Commenters seem to agree that by the end, Peter had become a brave man in a brave country – a man finally worthy of Clara’s love.
FAVORITE QUOTE
“Fear lives in the head. And courage lives in the heart. The job is to get from one to the other.”
CONCLUSION
What an amazing journey revisiting my friends from Three Pines in the pages of THE LONG WAY HOME. I can’t believe it’s been eight years since the book was published (and this website was launched!) and almost twelve years since I started working with Louise!
The activist and journalist, Ella Winter, once said, “Don’t you know you can’t go home again?” Thomas Wolfe would then use the quote to entitle his posthumously released novel YOU CAN’T GO HOME AGAIN.
I, however, in the spirit of Ruth Zardo call bullshit!
Of course you can go home again. Even if it’s a long way home. We, as readers and lovers of the World of Louise Penny, are fortunate enough to go home to Three Pines every year!
DISCUSSION QUESTIONS
- Clara first approaches Gamache with great ambivalence: wanting (though fearing) to
know what happened to Peter, while reluctant to disturb Gamache’s newfound peace.
How did you feel about the decisions they both make at this point?
- “I thought he’d come home,” Clara says of Peter. Did you? How did your view of him
change in the course of the book?
- What does it mean to you to be a “brave man in a brave country”? How does courage—or
cowardice—feature in this novel?
- On the first page of the book, we hear about Armand Gamache’s repeated gesture, “so
tiny, so insignificant.” What is the true significance of this and other seemingly
inconsequential actions in this story?
- What do you think of Ruth’s role in this story? For example, consider the scene in
Massey’s studio, where she “seemed to have lost her mind. But found, Reine Marie
thought, her heart.”
- Both Peter and Gamache’s father, in a sense, disappear. What is the impact of this kind of
loss on Clara and Gamache? Have you ever experienced anything similar in your own
life?
- There is so much about art and the creative process in this book. How do we see that
unfold in the lives not only of Clara and Peter, but also of Norman and Massey? For example, what do you make of the Salon des Refusés? What do you think it meant to the
artists themselves?
- What roles do creativity and acclaim (or obscurity) play in the lives of both Clara and
Peter? In their marriage? Do you believe that Clara and Peter’s marriage could have been
saved?
- Louise has sometimes talked about the importance of chiaroscuro — the play of light and
shadow — in her work. What are the darkest and the lightest points in this novel? What
are some humorous moments, and how did you respond to them?

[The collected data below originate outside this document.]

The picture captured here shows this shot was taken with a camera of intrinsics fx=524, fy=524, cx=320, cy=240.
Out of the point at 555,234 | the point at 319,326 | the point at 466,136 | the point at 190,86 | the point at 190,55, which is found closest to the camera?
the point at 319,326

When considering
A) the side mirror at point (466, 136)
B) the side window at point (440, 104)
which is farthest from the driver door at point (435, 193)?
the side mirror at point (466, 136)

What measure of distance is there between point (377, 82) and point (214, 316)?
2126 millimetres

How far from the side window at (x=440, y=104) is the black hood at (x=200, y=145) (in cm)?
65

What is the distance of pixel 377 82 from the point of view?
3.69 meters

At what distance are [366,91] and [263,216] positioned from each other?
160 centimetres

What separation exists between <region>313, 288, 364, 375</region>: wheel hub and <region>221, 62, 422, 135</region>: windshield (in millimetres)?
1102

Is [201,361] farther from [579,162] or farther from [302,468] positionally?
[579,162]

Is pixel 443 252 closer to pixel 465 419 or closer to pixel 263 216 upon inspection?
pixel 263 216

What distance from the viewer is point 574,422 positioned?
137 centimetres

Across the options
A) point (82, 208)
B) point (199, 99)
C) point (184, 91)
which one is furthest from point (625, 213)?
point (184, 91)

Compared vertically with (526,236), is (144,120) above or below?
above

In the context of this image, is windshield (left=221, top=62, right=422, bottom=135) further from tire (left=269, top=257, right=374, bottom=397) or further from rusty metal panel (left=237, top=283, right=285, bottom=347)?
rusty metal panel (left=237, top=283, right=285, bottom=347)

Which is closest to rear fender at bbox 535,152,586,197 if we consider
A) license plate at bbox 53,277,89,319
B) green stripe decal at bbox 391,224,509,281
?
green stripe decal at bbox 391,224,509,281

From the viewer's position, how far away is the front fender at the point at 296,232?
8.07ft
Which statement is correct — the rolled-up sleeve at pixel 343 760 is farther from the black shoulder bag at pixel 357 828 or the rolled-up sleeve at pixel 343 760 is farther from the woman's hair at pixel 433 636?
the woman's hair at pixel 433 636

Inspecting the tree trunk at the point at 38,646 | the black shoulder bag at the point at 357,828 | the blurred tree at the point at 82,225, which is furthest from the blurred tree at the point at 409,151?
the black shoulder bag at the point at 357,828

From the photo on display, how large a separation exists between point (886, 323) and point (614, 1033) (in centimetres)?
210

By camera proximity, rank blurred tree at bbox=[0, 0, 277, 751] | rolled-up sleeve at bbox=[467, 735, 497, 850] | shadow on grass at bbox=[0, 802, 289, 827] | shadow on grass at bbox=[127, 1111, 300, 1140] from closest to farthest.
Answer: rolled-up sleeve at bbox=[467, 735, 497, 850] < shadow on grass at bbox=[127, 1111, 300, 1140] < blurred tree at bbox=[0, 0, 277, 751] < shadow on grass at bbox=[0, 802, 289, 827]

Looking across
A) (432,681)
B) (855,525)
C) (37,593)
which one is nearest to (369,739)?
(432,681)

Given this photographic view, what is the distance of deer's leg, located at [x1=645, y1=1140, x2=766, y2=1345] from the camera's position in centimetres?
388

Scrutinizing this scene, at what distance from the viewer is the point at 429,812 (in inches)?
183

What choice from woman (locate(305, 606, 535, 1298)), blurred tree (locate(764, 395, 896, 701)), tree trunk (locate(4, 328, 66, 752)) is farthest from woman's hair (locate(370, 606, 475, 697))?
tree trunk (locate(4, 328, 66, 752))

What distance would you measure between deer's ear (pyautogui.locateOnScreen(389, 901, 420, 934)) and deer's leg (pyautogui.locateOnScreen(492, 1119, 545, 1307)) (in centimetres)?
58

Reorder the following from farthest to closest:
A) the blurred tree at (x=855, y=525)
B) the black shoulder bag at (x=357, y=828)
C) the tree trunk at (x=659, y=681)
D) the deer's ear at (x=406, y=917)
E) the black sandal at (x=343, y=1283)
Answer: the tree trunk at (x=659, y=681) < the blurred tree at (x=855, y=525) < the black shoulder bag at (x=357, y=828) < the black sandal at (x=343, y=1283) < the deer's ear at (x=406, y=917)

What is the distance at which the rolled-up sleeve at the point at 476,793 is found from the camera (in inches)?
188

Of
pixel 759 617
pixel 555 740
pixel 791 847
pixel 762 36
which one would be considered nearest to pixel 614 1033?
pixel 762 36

- Peter’s paintings look completely different from different perspectives. How does that
apply to other characters or events in the story?

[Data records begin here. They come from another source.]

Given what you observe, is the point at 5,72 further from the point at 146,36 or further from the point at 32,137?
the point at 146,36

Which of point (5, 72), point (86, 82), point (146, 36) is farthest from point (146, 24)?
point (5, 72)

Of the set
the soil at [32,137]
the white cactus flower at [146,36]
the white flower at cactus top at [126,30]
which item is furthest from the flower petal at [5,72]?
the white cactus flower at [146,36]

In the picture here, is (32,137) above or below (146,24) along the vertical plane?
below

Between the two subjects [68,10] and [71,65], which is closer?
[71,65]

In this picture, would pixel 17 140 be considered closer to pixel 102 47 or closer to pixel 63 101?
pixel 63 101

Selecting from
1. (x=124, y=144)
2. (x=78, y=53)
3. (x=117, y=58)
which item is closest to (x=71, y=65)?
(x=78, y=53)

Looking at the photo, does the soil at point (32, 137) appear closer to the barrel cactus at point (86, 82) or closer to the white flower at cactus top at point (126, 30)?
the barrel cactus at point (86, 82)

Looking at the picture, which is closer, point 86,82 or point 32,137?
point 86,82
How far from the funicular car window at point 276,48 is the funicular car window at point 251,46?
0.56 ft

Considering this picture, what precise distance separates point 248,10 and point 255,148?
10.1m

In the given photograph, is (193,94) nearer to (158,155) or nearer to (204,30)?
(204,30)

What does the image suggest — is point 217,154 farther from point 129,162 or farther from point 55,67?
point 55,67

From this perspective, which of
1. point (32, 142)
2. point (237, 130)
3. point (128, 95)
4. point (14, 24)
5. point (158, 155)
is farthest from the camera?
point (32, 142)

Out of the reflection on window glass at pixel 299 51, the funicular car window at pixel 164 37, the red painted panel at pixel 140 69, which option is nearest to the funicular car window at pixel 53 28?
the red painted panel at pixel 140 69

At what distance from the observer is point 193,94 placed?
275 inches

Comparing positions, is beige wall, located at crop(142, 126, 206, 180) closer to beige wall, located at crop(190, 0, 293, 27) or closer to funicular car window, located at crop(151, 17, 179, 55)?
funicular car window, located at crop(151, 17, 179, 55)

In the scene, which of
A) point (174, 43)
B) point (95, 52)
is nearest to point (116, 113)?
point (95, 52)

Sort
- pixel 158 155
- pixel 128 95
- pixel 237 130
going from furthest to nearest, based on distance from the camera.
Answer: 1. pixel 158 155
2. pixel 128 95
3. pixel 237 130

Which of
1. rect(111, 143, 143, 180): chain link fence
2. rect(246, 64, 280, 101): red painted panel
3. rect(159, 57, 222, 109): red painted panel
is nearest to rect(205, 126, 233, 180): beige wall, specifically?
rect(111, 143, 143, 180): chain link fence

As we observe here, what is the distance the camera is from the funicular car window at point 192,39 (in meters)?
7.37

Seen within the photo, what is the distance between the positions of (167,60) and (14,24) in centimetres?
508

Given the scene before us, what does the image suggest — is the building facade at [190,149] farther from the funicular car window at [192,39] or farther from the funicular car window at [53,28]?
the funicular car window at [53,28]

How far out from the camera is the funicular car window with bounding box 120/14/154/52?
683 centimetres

- In Chapter Six, Myrna observes about jealousy: “It’s like drinking acid, and expecting the other person to die.” How does jealousy play out in the lives of various characters here?
What effects have you seen it have in real life?
- How does Clara’s quote from one of her favorite movies, “Sometimes the magic works,”
play out in the story?
- While a number of Louise’s books end in unexpected ways, the conclusion of this one is
particularly shocking. How did you feel as you were reading it, and what do you think
when you look back at it now?
- In some ways Clara’s quest to find Peter recalls such classic journeys as The Odyssey and
The Heart of Darkness. What are the most significant discoveries the central figures in this novel make along the way?